## Stored data

=== Section Start ===

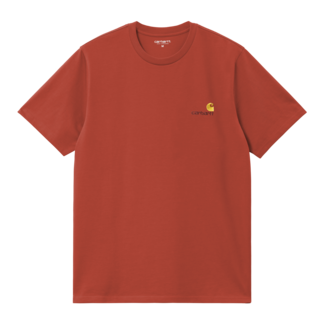 Carhartt WIP S/S American Script T-Shirt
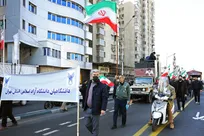 برافراشته نگاه داشتن پرچم پژوهش را در اوج شرایط جنگی در دانشگاه آزاد تهران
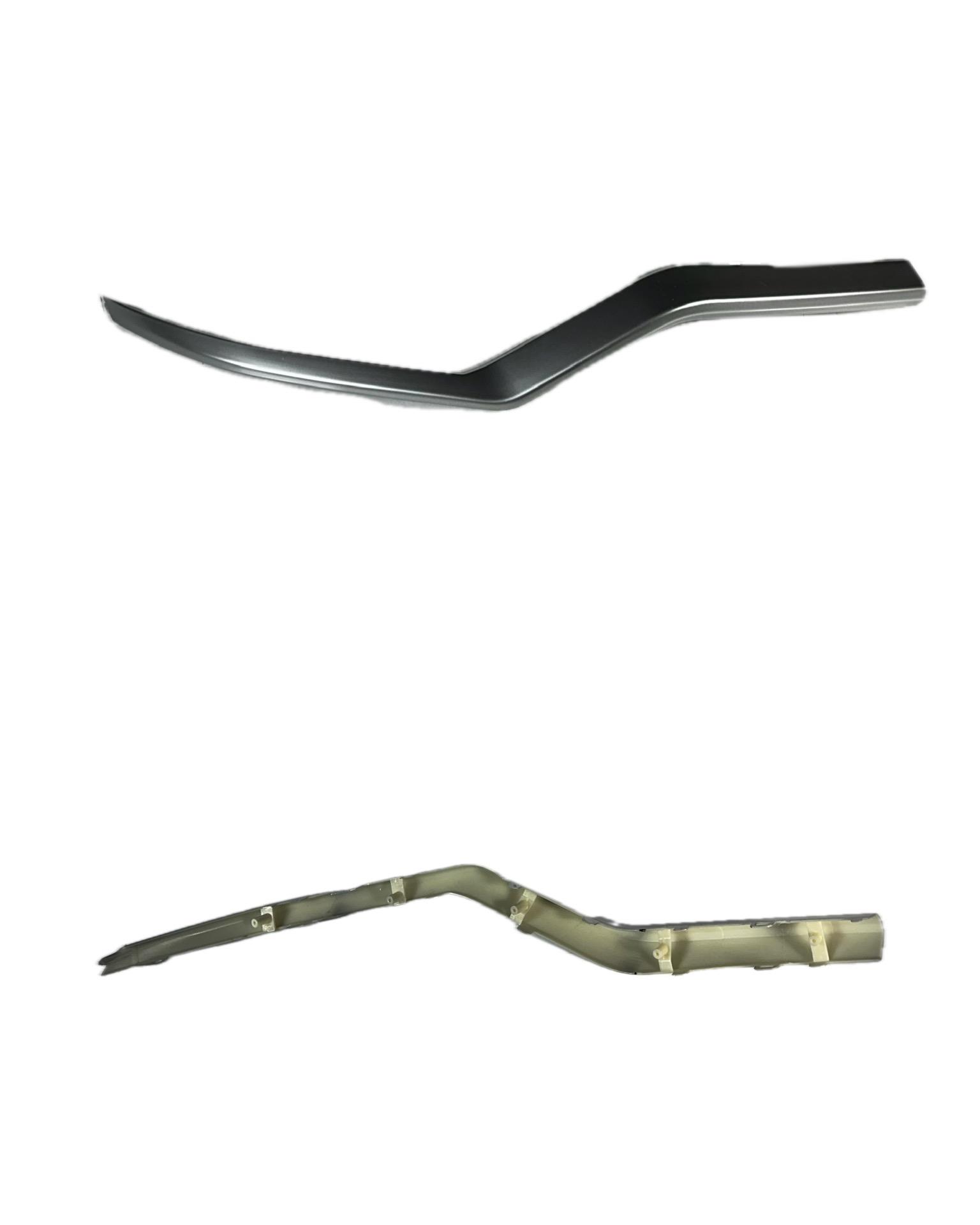 Chery Çıta Tampon Tiggo 7 Pro 22-24 Ön Sağ (Açık Gri)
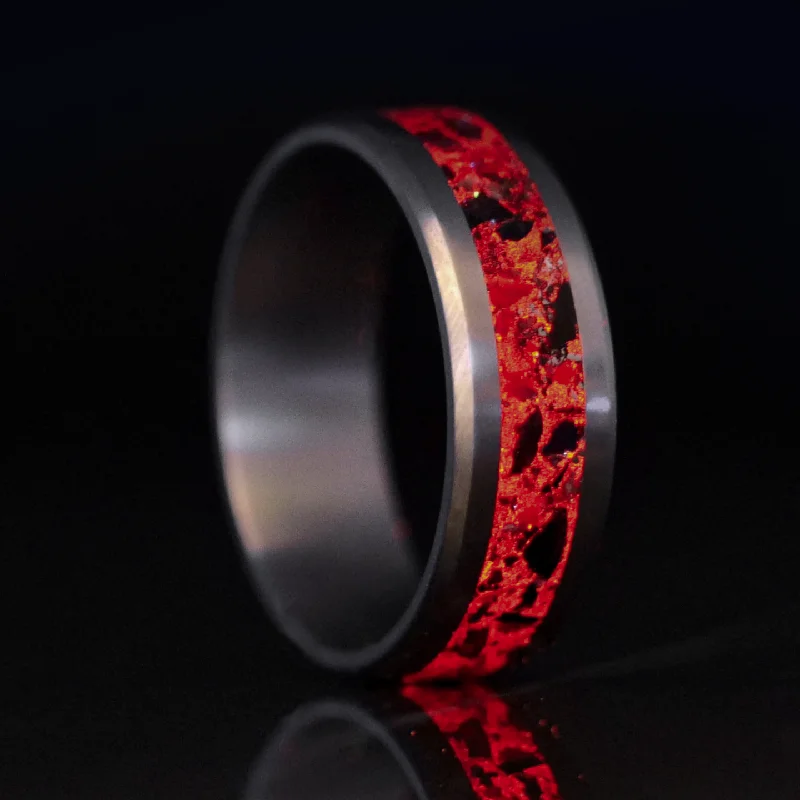Sparkle For Less – Shop Our Limited-Time Jewelry Deals Custom Premium Opal Glowstone Ring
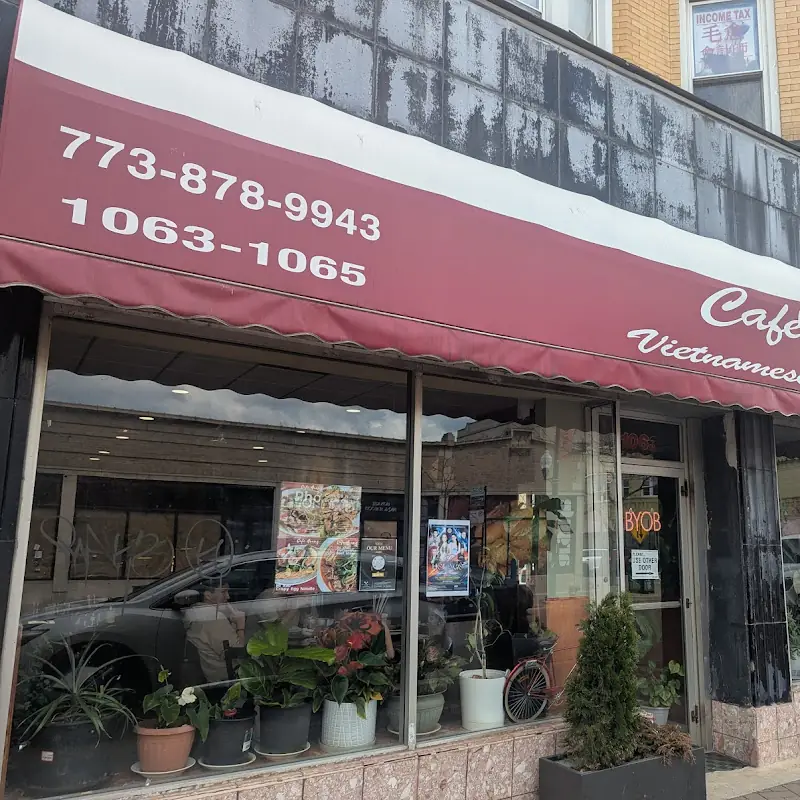Cafe Hoang | Vietnamese & Thai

=== Section End ===

## What is expected
Could you print all of the entries above exactly as written, minus the pictures?

## Response to the exercise
 Carhartt WIP S/S American Script T-Shirt
 برافراشته نگاه داشتن پرچم پژوهش را در اوج شرایط جنگی در دانشگاه آزاد تهران
 Chery Çıta Tampon Tiggo 7 Pro 22-24 Ön Sağ (Açık Gri)
Sparkle For Less – Shop Our Limited-Time Jewelry Deals Custom Premium Opal Glowstone Ring
Cafe Hoang | Vietnamese & Thai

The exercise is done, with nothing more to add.